**EXERCISE**
Print all the data that follows exactly, images excluded.

**INFORMATION SHOWN**
━━━━━━━━

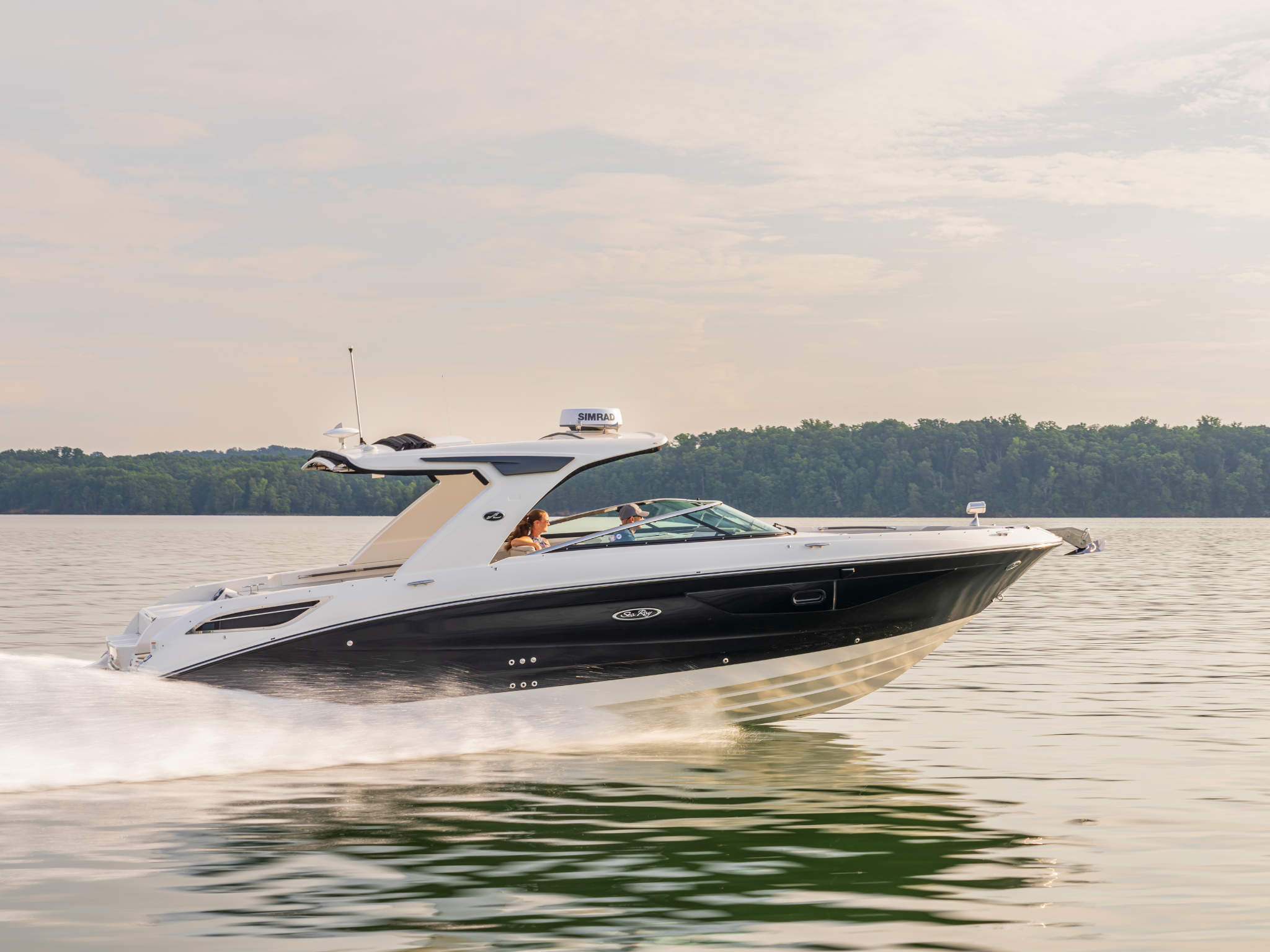 New 2026 Sea ray SLX 350 for Sale | Vancouver, BC | M&P Yacht Centre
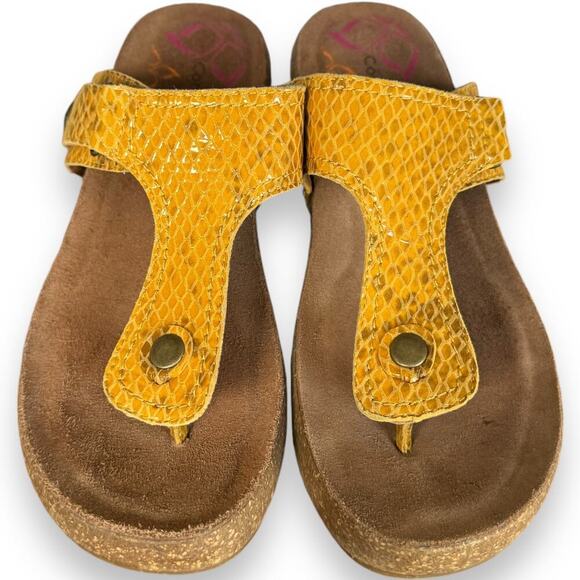 Comfortiva Shantel Snake Print Leather Slip On Thong Sandals Yellow Women's 9W - Picture 4 of 16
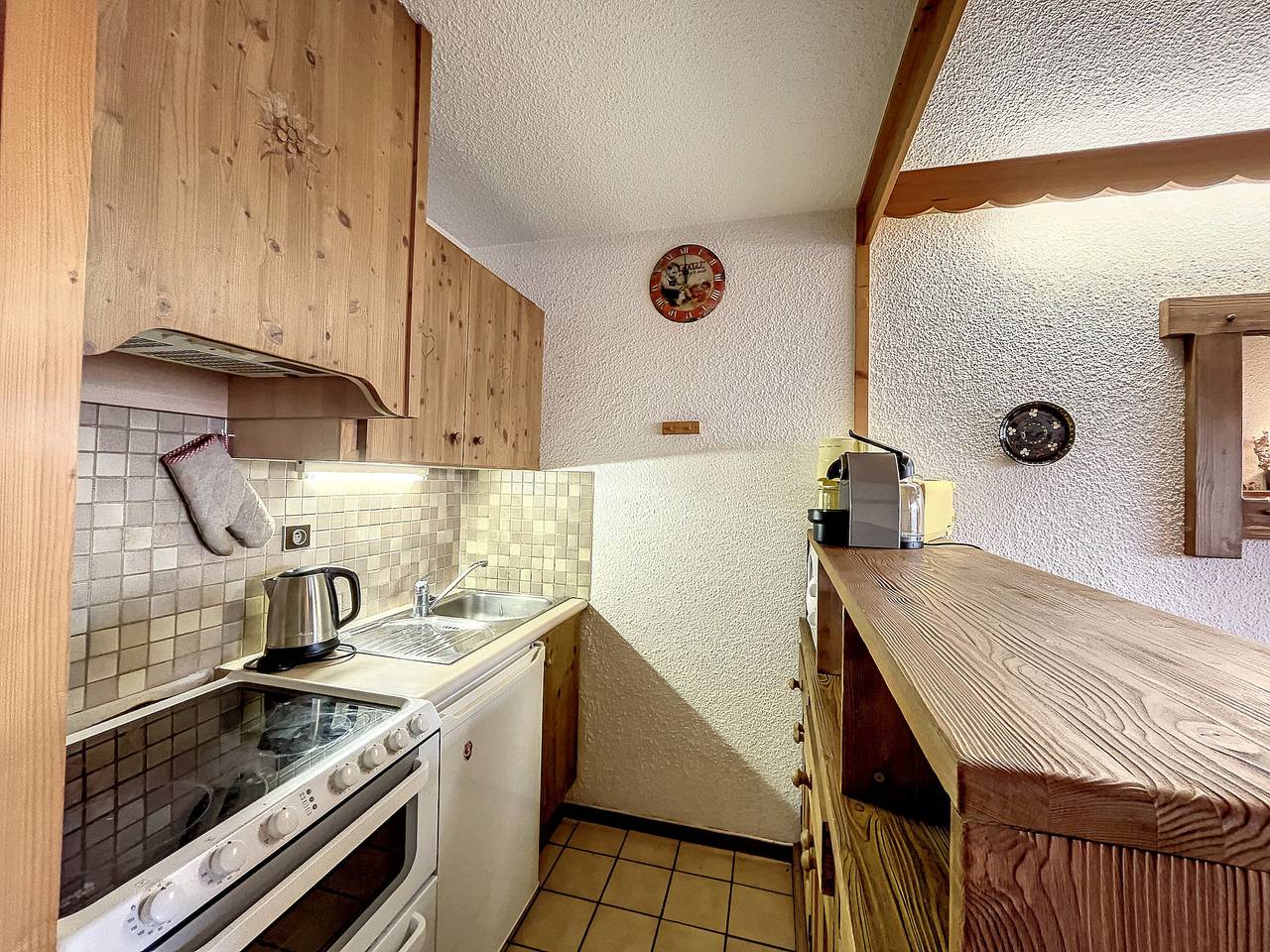 Studio entier, Studio mezzanine chaleureux au centre de Combloux avec parking in Combloux, Pays du Mont-Blanc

━━━━━━━━

**ANSWER TO THE PROBLEM**
 New 2026 Sea ray SLX 350 for Sale | Vancouver, BC | M&P Yacht Centre
 Comfortiva Shantel Snake Print Leather Slip On Thong Sandals Yellow Women's 9W - Picture 4 of 16
 Studio entier, Studio mezzanine chaleureux au centre de Combloux avec parking in Combloux, Pays du Mont-Blanc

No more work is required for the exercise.